Lead can kill people and poison the environment, but existing techniques can measure only total lead content. In principle, fluorescent chemosensors can provide information on exchangeable lead pools with spatial and temporal resolution, but these molecules cannot function in water or in living cells. Assistant professor Christopher J. Chang and colleagues at the University of California, Berkeley, have developed a fluorescent sensor, called Leadfluor-1, that detects lead in water and living cells.

The researchers report in the July 26 issue of the Journal of the American Chemical Society that they combined a fluorescein scaffold with a dicarboxylate pseudocrown receptor to create the sensor. They chose the receptor because it satisfied the size and charge requirements of the lead cation.
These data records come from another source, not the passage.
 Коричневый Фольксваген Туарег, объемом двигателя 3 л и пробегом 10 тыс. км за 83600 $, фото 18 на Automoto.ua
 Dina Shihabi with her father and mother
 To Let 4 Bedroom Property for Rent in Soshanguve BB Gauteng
The Leadfluor-1 emission spectra remained similar to that of fluorescein, which has visible excitation and emission spectra that do not damage cells, as do UV and infrared. Also, certain molecules in cells exhibit autofluorescence upon exposure to the invisible part of the spectrum, and fluorescein’s spectral properties avoid that problem. Furthermore, viewing its fluorescence does not require a special detector.
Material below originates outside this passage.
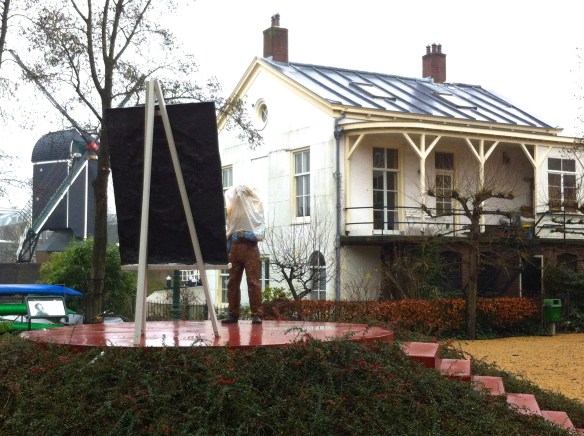 kunstobject Rembarandtplaats,  Stephan Balkenhol, zak over het hoofd van Rembrandt, beeld en vandalen, geslaagde metamorfose van beeld  Stephan Balkenhol van Rembrandt,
The fluorescence intensity of Lead-fluor-1 increased by up to 18 times in the presence of lead. The fluorescence rose 15 percent, with an error of 2 percent, upon the addition of 15 parts-per-billion of lead in drinking water, the maximum amount allowed by the FDA. Treatment with the chelator TPEN returned the fluorescence to within 5 percent of baseline levels. The researchers tested the response of the sensor to other biologically relevant ions, and it demonstrated selectivity for lead.

The lab plans to further modify Leadfluor-1 so that it emits more brightly and exhibits a greater dynamic range, so as to increase its sensitivity and selectivity for lead.